This is a small selection from "The Treasure of Staying Connected." We hope you will find it enjoyable and enlightening.
Establishing ways to stay connected during deployments is more beneficial if done before the deployments. The time immediately preceding a deployment is usually very hectic, filled with preparations such as legal and financial affairs and car and home maintenance. This is all for the care and welfare of the family. What about the care of the relationship that is the core of the family? Dedicating time to decide how to best maintain a close couple and family relationship should be at the top of the “to do” list! Go on a date, and put the hubbub on hold for a couple of hours to focus on each other. It’s great if the deploying service member can do the same thing with each child, as well. Take time to choose together a daily routine, such as those that have been suggested, to utilize during the deployment.
When couples are able to develop a stronger sense of unity during deployments, they often begin to experience enlightened moments of awareness of each other’s presence. These can be awe-filled moments to revel in your couple connectedness. I was blessed with such a moment during the Bob’s only deployment that included the Christmas holidays. His ship was on a Mediterranean cruise, and pulled into Naples, Italy shortly before Christmas Day. A tour to Rome was arranged for those on the ship who were interested. The highlight of the tour was Midnight Mass at St. Peter’s, with the Pope presiding, and a couple thousand of his “closest friends” in attendance! Bob called to tell me this was going to take place. Wow! I thought that this was surely making lemonade out of lemons! I learned that the Mass would be rebroadcast in the U.S. at midnight local time. So, we stayed up, along with my in-laws, who had come to celebrate Christmas with the kids and me, and watched the beautiful ceremony on television, knowing that Bob was there among the throngs of people. We were aware that the event had taken place six hours before; but that did not diminish our sense of oneness with Bob. As far as we were concerned, we celebrated the birth of our Savior with him! Bob and the Infant Jesus were both unmistakably present to us!
We know other military couples who have strived for the same connectedness of which I have been writing throughout their years of service. I say, “their years of service,” because I believe that what is given in service by a military person is certainly given by the military couple. Some of those couples have shared stories about their efforts to strengthen their own couple connectedness.

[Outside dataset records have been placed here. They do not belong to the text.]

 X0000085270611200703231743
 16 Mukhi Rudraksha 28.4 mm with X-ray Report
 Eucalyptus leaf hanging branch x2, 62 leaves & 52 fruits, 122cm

I share them with you now, with hope that they will not only warm your heart, but also provide you with more ideas about fostering your own connectedness.
A thread that runs through each of these personal accounts is that these couples were actively nurturing their relationships long before faced with separation. It’s a lot easier to foster intimacy when you’re apart if this is an ongoing quality in your relationship. This takes some effort by both partners. Many of our life’s treasures need polishing up every now and then. The treasure of our marriage relationships thrives on regular attention. We receive what we put into them. Good relationships don’t just happen! Your marriage will survive and be strengthened, like gold tested in fire, if you are already nurturing it!

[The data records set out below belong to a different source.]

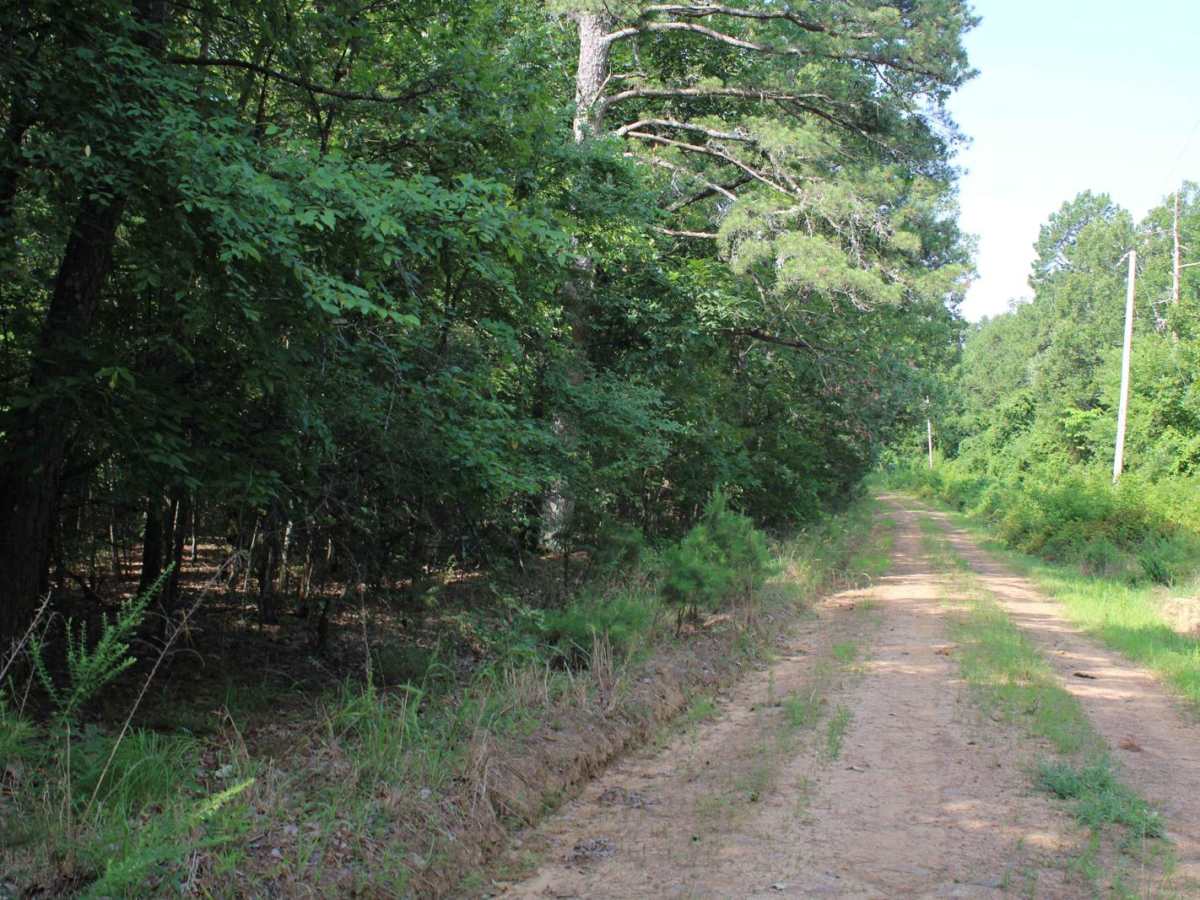 Dutch Creek Mountian to Towers photo 4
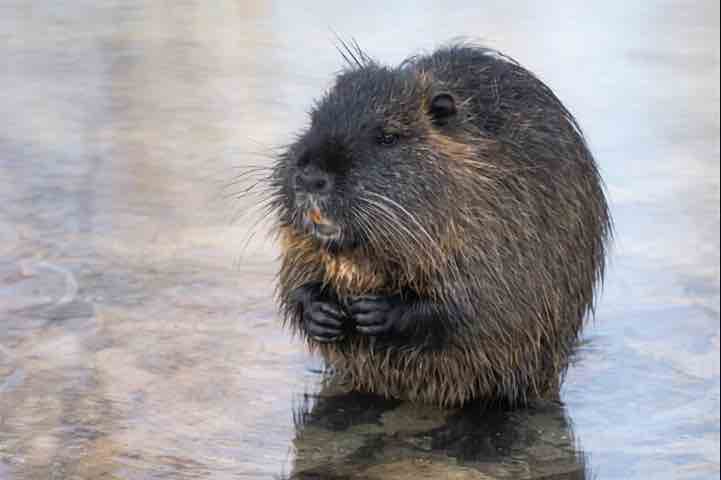 Nutria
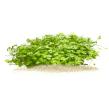Dreiteiliger Wassernabel (Hydrocotyle tripartita)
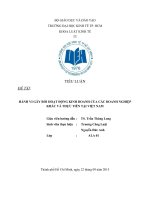 Tiểu luận môn luật cạnh tranh đề tài hành vi gây rối hoạt động kinh doanh của các doanh nghiệp khác và thực tiễn tại việt nam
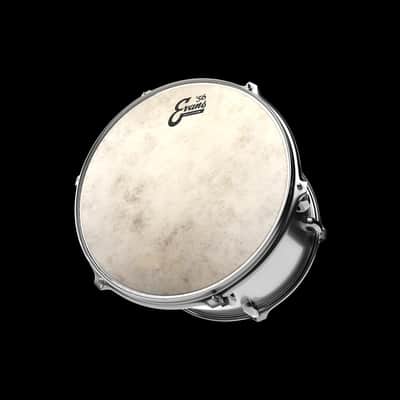 Evans '56 Calftone Drum Heads-10" image 2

I remember well the times of preparation, immediately preceding the deployments of Bob’s ships. Those were chaotic times of getting many different affairs in order. I doubt that has changed since our days of active duty. There’s so little time to fit in all that needs doing. But I urge you to make your love affair a priority! As I mentioned before, your marriage is meant to last long beyond active duty. So make some time to decide together what you will do to strengthen your connection. I offer you different ideas with the hope that one or two might work for you, or trigger your own idea. I would love to hear about your ideas, and invite you to share them with me on my website.
I also recommend that you go on a date before the separation. It need not be lengthy or costly, but it must be romantic! Your pleasure in each other’s company will give you an extra joyful moment to hold onto and add to your treasury of memories. If babysitting is an issue, trade off children with another couple. The world we live in today does not generally seem to place much value on marriage, but I am here to tell you that you, as a married couple, are so very important to the future of our world! Our Creator established society based on the family unit, and He placed husband and wife at the core of that family. Don’t shortchange your treasure. Please give it the time and attention it deserves! Not only will you benefit, but so will the world in which you live.